Minnesota | 1-11411 | 41-1790959 | ||
(State of Incorporation) | (Commission File Number) | (I.R.S. Employer Identification No.) |
2100 Highway 55
Medina, Minnesota 55340
(Address of principal executive offices)
(Zip Code)
(763) 542-0500
(Registrants telephone number, including area code)
Check the appropriate box below if the Form 8-K filing is intended to simultaneously satisfy the filing obligation of the registrant under any of the following provisions:
o | Written communications pursuant to Rule 425 under the Securities Act (17 CFR 230.425) |
o | Soliciting material pursuant to Rule 14a-12(b) under the Exchange Act (17 CFR 240.14a-12(b)) |
o | Pre-commencement communications pursuant to Rule 14d-2(b) under the Exchange Act (17 CFR 240.14d-2(b)) |
o | Pre-commencement communications pursuant to Rule 13e-4(c) under the Exchange Act (17 CFR 240.13e-4(c)) |
Item 1.01 Entry into a Material Definitive Agreement.
On July 18, 2005, a subsidiary of Polaris Industries Inc. (the Company) entered into a definitive agreement for the purchase from an institutional investor of approximately a 24% interest in KTM Power Sports AG, formerly known as Cross Holding AG (KTM), the holding company for Austrian motorcycle manufacturer KTM Sportmotorcycle AG. The purchase price for the interest in KTM is Euros 66.6 million or approximately $80 million cash, which represents approximately a 12% discount to the current market value of the KTM shares being purchased. The discount reflects the size of the block of shares to be purchased and the fact that the shares are thinly traded. The purchase will be financed with funds from the Companys existing senior credit facility. The actual number of shares purchased and the purchase price is subject to reduction depending upon the number of shares of KTM Power Sports AG outstanding on the closing date.

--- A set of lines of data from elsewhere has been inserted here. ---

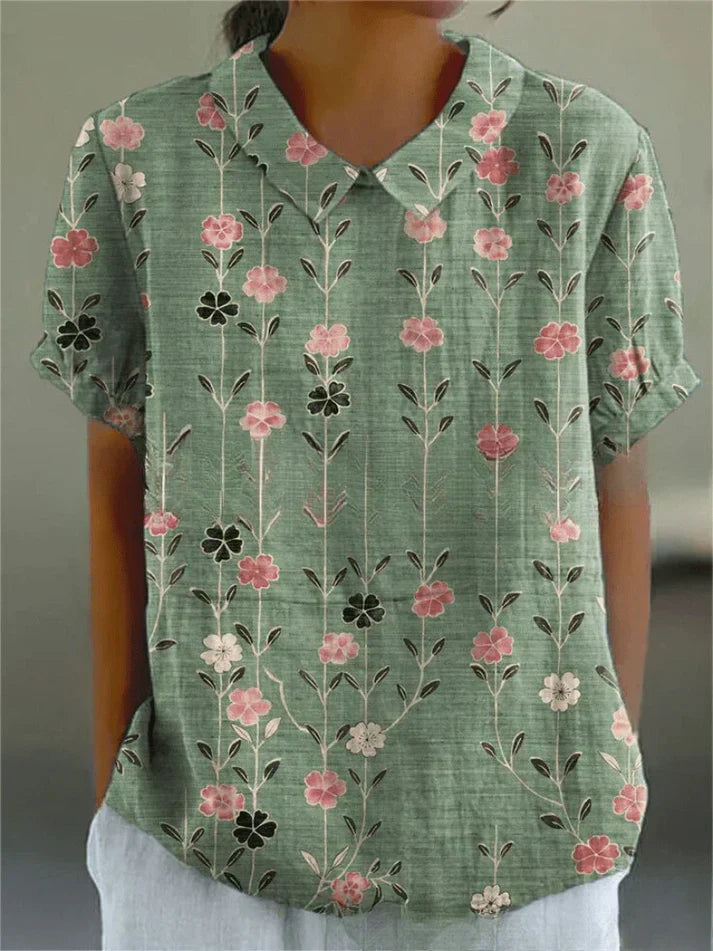 Galiene | Floral Pattern Blouse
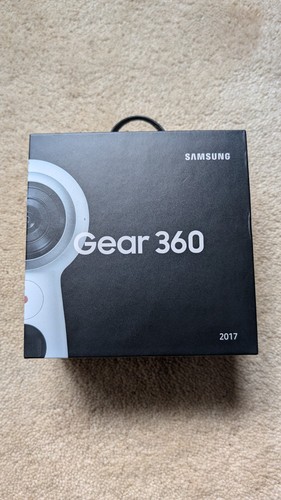 Samsung Gear 360 (2017) SM-R210 Camera - Box, Cable, Strap, Manual & COVER 64GB - Picture 2 of 2
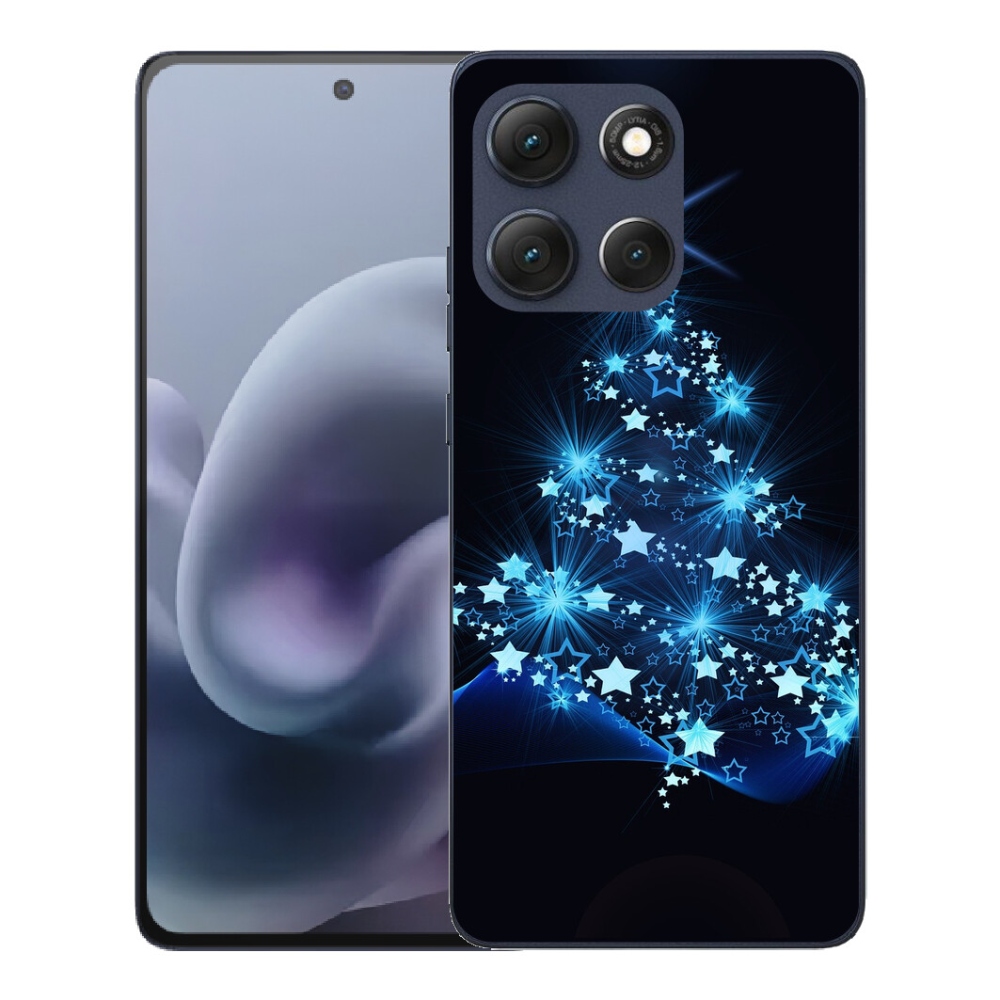 mmCase gél tok a Motorola Moto G86 5G-hez – karácsonyfa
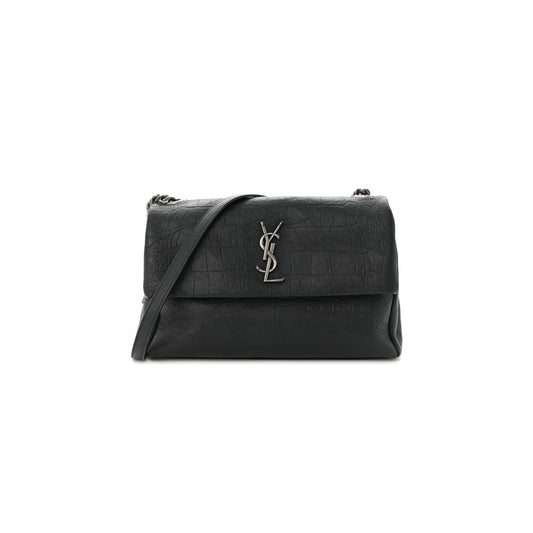 Y*L large west hollywood monogram fold-over grey 1413669 (28*18*11cm)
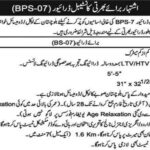 Balochistan Police Jobs Notice November 2024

The closing of the transaction, which is currently expected to occur in the third quarter of this calendar year, is subject to (i) receipt of certain international regulatory approvals, including the German Federal Cartel Office, and (ii) the termination or expiration of the waiting period under the Hart-Scott-Rodino Antitrust Improvements Act of 1976, as amended.
In connection with the transaction, the Company, through its Austrian subsidiary, entered into a Call Option Agreement dated July 18, 2005 (the Call Option Agreement) with Cross Industries AG (Cross Industries), under which each of the parties has been granted a series of call rights to acquire the others ownership interest in KTM, which rights generally become exercisable after the end of the third quarter in October 2007. Upon the occurrence of certain events, such as the death of key members of KTMs management or a change in control of the Company, the vesting of these call rights may be accelerated. The purchase price per share for the call rights will be formula-based depending, in part, upon the financial performance of both companies for the 12-month period ending on the measurement date. In the event the Company exercises its call right, the purchase price may be payable in cash or a combination of cash and shares of the Companys common stock.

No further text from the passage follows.